MaTA Tantang Aparat Penegak Hukum Ungkap Kasus Korupsi Besar di Aceh
INISIATIF.CO, Banda Aceh – Masyarakat Transparansi Aceh (MaTA) mengungkapkan bahwa kasus korupsi masih marak terjadi di Aceh, mencakup berbagai tingkat pemerintahan, mulai dari provinsi hingga desa (gampong).
Sektor dana desa menjadi yang paling dominan, dengan 16 dari 31 perkara korupsi yang ditangani oleh aparat penegak hukum (APH) pada tahun 2024.

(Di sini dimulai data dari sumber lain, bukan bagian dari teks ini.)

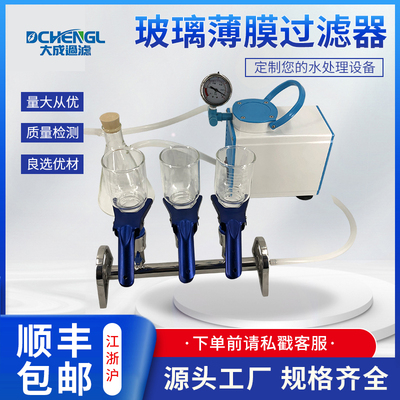 不锈钢304玻璃多联薄膜过滤器溶剂水质铜绿假单胞菌检测仪47/50mm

MaTA meminta APH untuk berani mengungkapkan kasus-kasus korupsi besar, tidak hanya fokus pada penyimpangan anggaran pada level desa.
Koordinator MaTA, Alfian, menjelaskan bahwa berdasarkan data yang mereka himpun, pada tahun 2023, APH menangani 32 kasus korupsi dengan total kerugian negara mencapai lebih dari Rp171 miliar.
Untuk tahun 2024, sebanyak 31 kasus telah ditangani, melibatkan 64 tersangka dan kerugian negara senilai Rp56,8 miliar. Dari 31 kasus tersebut, 16 berkaitan dengan dana desa, diikuti oleh sektor keagamaan, kesehatan, pendidikan, dan sosial kemasyarakatan, masing-masing dengan dua kasus. Selain itu, sektor pengairan, penerangan, pertanian, pertanahan, perikanan, pasar modal, dan pajak masing-masing memiliki satu kasus.
“Dari 64 tersangka, 62 adalah laki-laki dan dua perempuan, dengan pelaku terbanyak berasal dari aparatur sipil negara (ASN) sebanyak 29 orang, diikuti oleh pemerintah desa (22), swasta (12), dan satu anggota DPRK,” ujar Alfian dalam konferensi pers dengan wartawan di Banda Aceh, Rabu (8/01/2025).
Menurut Alfian, modus korupsi yang paling banyak terjadi adalah penyalahgunaan anggaran, diikuti oleh penggelapan, laporan/kegiatan fiktif, penyalahgunaan wewenang, mark-up, suap-menyuap, dan penyunatan/pemotongan.
Berdasarkan analisis modus korupsi, Alfian mencatat bahwa penyalahgunaan anggaran mendominasi di level pemerintahan gampong. Sedangkan dari segi lembaga yang terlibat, tahun 2024 menunjukkan bahwa APH lebih banyak menangani kasus di tingkat gampong (51,61 persen), berbeda dengan tahun 2023 yang lebih banyak di tingkat kabupaten/kota.
“Perubahan ini menunjukkan bahwa APH tampaknya menghindari risiko lebih tinggi dalam penanganan kasus,” ungkap Alfian.